After being shut out of President Barack Obama's job summit at the White House on Thursday, oil industry leaders have begun their own major push to stimulate US employment by offering legislation that aims to increase and streamline access to acreage currently off limits to drilling.
The American Petroleum Institute (API), which represents around 400 oil and gas firms and is the oil industry's top lobby group, is submitting a set of legislative measures it believes could create hundreds of thousands of additional jobs in the sector if enacted.
The plan, a copy of which was obtained by Oil Daily, urges any job-creation package to include a requirement for the US Interior Department to proceed with an offshore leasing schedule started by the Bush administration last year. That plan envisaged 31 lease sales off the Atlantic, Pacific, Gulf of Mexico and Alaskan coasts between 2010 and 2015 (OD Feb.11,p1).

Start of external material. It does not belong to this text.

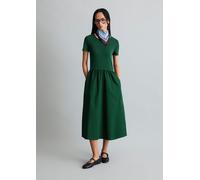 Jerseykleid MARC O'POLO DENIM "mit Baumwoll-Popelinerock", Damen, Gr. XS, Normalgrößen, grün (rich emerald), Obermaterial: 96% Baumwolle, 4% Elasthan, unifarben, slim fit wadenlang, Kleider Jerseyklei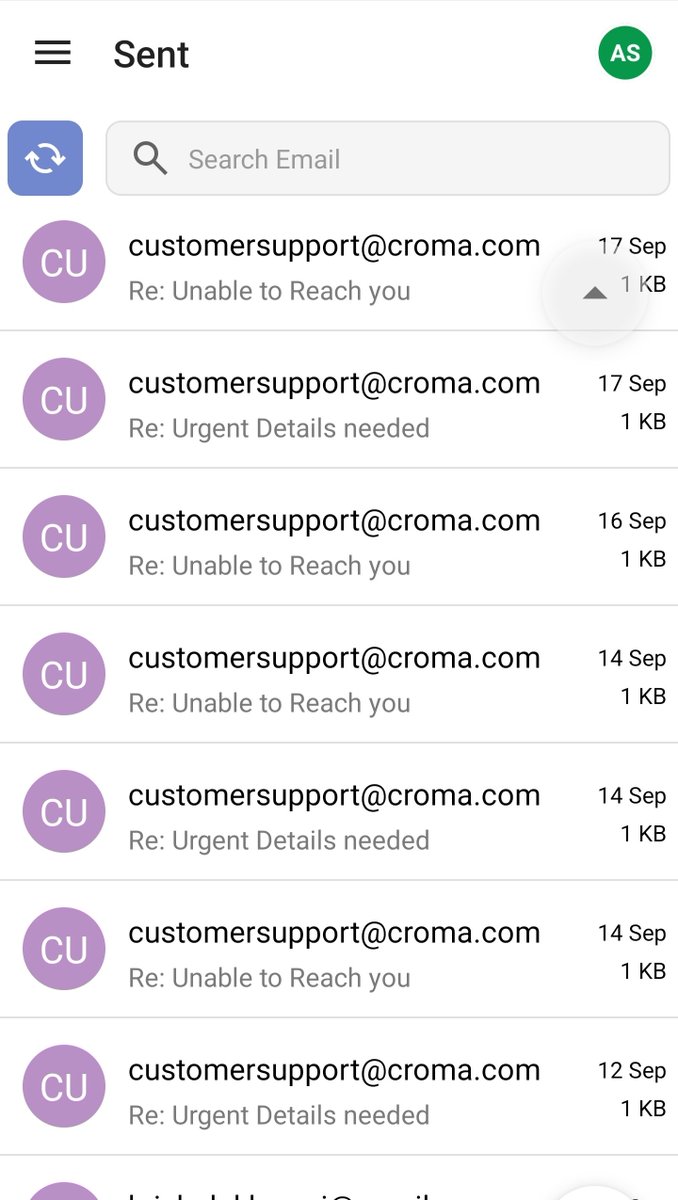 A_Grouchy's tweet photo. @cromaretail Really doubtful.. you guys are HARRASSing and not customer friendly service.. PFA screen shot of the numberod email I've responded to yours.. this is just a lil snapshot.. hve recorded since last 6 mths . still the service of our social service organisation has not been done https://t.co/gui8hRb5EI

API is also proposing leasing in non-wilderness portions of the Arctic National Wildlife Refuge (ANWR), along with continued access to the Beaufort and Chukchi Seas off Alaska's northern coast.
Although many of the items on API's wish list may fail to garner significant support from the Democratic-controlled Congress or the White House, expanded offshore drilling has already emerged as a potential bargaining chip for a compromise on energy and climate legislation in the Senate.
"Our industry has a proven track record of being able to create and protect well-paying American jobs and this legislation will do just that and generate billions of dollars in government revenue," said API senior upstream policy adviser Erik Milito. "We will be sharing these ideas with all policymakers interested in job creation."
In a teleconference on Thursday, API officials expressed frustration at not being invited to the White House to offer their ideas about job creation, particularly since the oil industry is one of the nation's largest employers, supporting about 9.2 million jobs and generating 7.2% of US gross domestic product.
"We asked to come but none of us were invited," said API Chairman Larry Nichols, who is also chairman and chief executive of Oklahoma-based Devon Energy. "Their focus is on green jobs and in this administration jobs that are politically correct," he added.
Obama is under tremendous pressure to create jobs as unemployment reached a 26-year high of 10.2% in November. The president intends to formally announce specific job growth initiatives next week.
Some members of Congress are also looking to draw up jobs legislation once the current debate on health care legislation draws to a close.
The API argues that Obama's policies will have a potentially destructive impact on employment and the group's proposals suggest it intends to be serious player in the broader discussion about jobs.
Of particular concern to the API is cap-and-trade climate change legislation under scrutiny in the Senate, along with the president's 2010 budget, which would roll back oil industry tax breaks and impose higher taxes on some Gulf of Mexico production.
"The president's budget would take somewhere between 20-25% of the cash that independent companies, like my company, have to invest in oil and gas production," Nichols stated. "The only way we can pay for the measures in that budget would be to dramatically reduce employment and cut back drilling of oil and gas wells in the United States."
To date, Obama has offered most of his support to energy companies that produce renewable energy sources as part of his goal to curb greenhouse gas emissions and address global climate change.
Most prominently, economic stimulus legislation signed into law earlier this year included an array of subsidies, grants and other financial incentives for low-carbon renewables like wind, solar, geothermal and biofuels.
Separately, Independent Petroleum Association of America (IPAA) chairman Bruce Vincent, sent a letter to Obama Thursday highlighting the potential for job growth in domestic shale gas plays (OD Jul.28,p1).
Vincent said economists had originally predicted that the Barnett Shale in Texas would create 70,000 jobs -- but he pointed out that the play had already created 111,000 as of 2008.
Penn State University has conducted similar research on the potential of the Marcellus Shale formation in the mid-Atlantic.
"Last year alone, according to Penn State, 29,000 jobs were created -- and more than 50,000 jobs are expected to be created by the end of this year," Vincent said.
API President Jack Gerard said the oil industry does not need any financial incentives to create new jobs.
"We're not looking for any subsidies or stimulus, just more access," he said.